As a prequel to Despicable Me, the movie focuses on the origins of the minions. Born from the primordial age, they have existed since the dawn of time as followers. Whoever is the most evil and domineering, they blindly follow with loyalty. Unfortunately, they seem to always end up innocently bringing the demise of whoever they follow. This makes the minions constantly on the lookout for their next master over the course of centuries. This story seems to imply that the minions are immortal and probably have to find a new master when Gru dies.

But Steve Carrel’s Gru is absent from this story as we’re revealed one master prior. In the 1960’s, three minions venture into the United States to find the top villain they can serve. The hottest player in the evil villain game is a woman by the name of Scarlet Overkill (Sandra Bullock). She proudly boasts about being the top villain when some villain patriarchy apparently said that a woman could never be the baddest of the bad. And that’s about all she has to offer as a character. Sure, she’s greedy and has a master plan to steal a crown from the Queen of England, but there’s not much more to her than being a cackling antagonist. I guess her dress is kind of neat in that it has rocket boosters to make her fly, but cool toys do not a good character make. Scarlet sends her yellow minions on a mission to England, a location that’s reaped for all the most of Saturday morning cartoon gags. Everybody drinks tea, speaks in thick accents with bad teeth and are at least a century behind the setting of the 1960’s.
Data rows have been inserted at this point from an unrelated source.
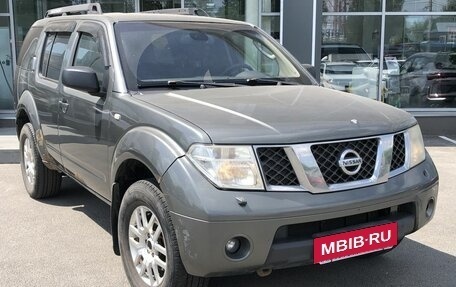 Nissan Pathfinder, 2007 год, 854 500 рублей, 3 фотография
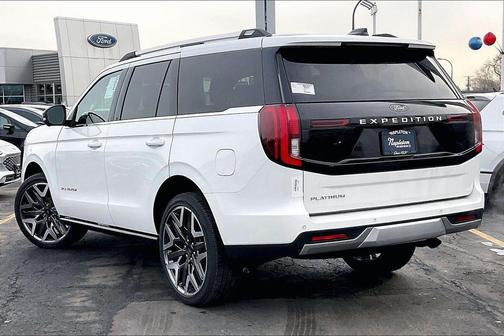 2025 Ford Expedition Platinum
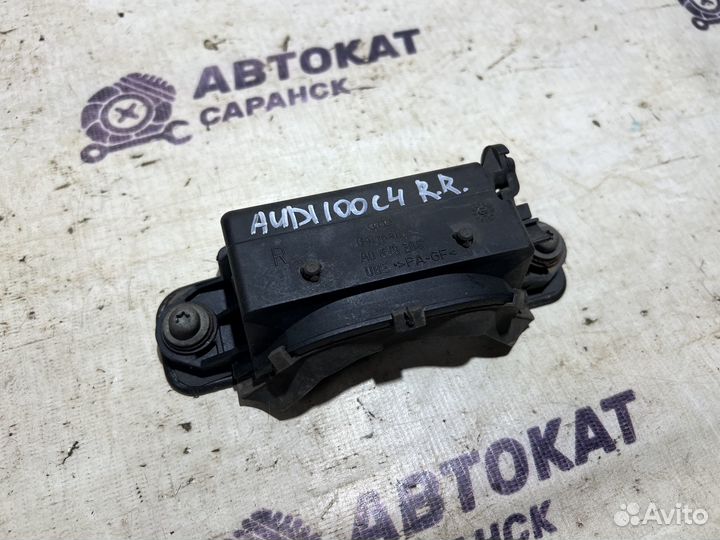 Ручка задняя правая Audi 100 C4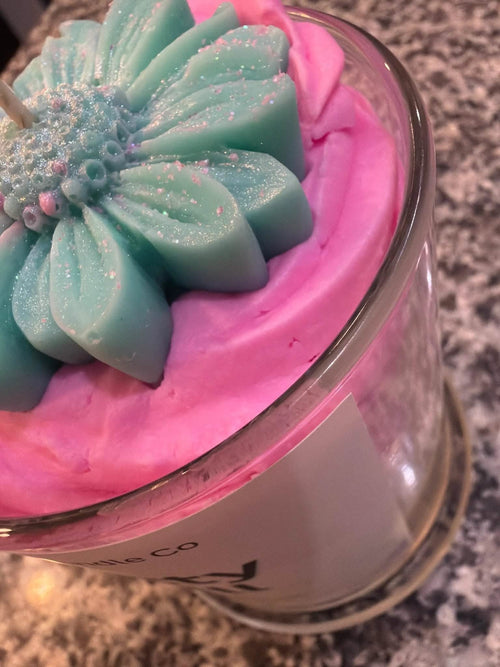 Pretty Chill – 12.25 oz Scented Candle - Red Raven Candle Co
Without any decent human characters or setting to work with, it’s entirely on the minions to save yet another movie. In their own language of babbling, they pull out all the slapstick tricks they can perform in animation. Their antics are equal parts clever, ridiculous and adorable, which could describe the three key minions respectively. The tallest is the brains, the hairiest is the bravery and the smallest is the cuteness. But they don’t have much more to offer. This would be fine for a series of five-minute shorts, but they just can’t sustain a feature-length movie on their own. It’s the same reason why Tweety Bird doesn’t have his own movie – Tweety is funny, but not when shoved in a bland script and expected to pick up the slack entirely on his own.

Minions is the biggest argument for an animated series and no more solo feature films for these guys. Every moment the minions are on screen is pleasing for a few minutes of universal humor – every moment without their antics makes the movie grow tired and by-the-numbers. The one high point of the picture is when the three minions hitch a ride with a family of villains that shoot up cars as if it were a road trip game. Those were character that had promise to be paired up with the minions, but are only used for a few gags in the first act. By the end of the picture, both the script and the audience comes to the same conclusion: the minions need Gru.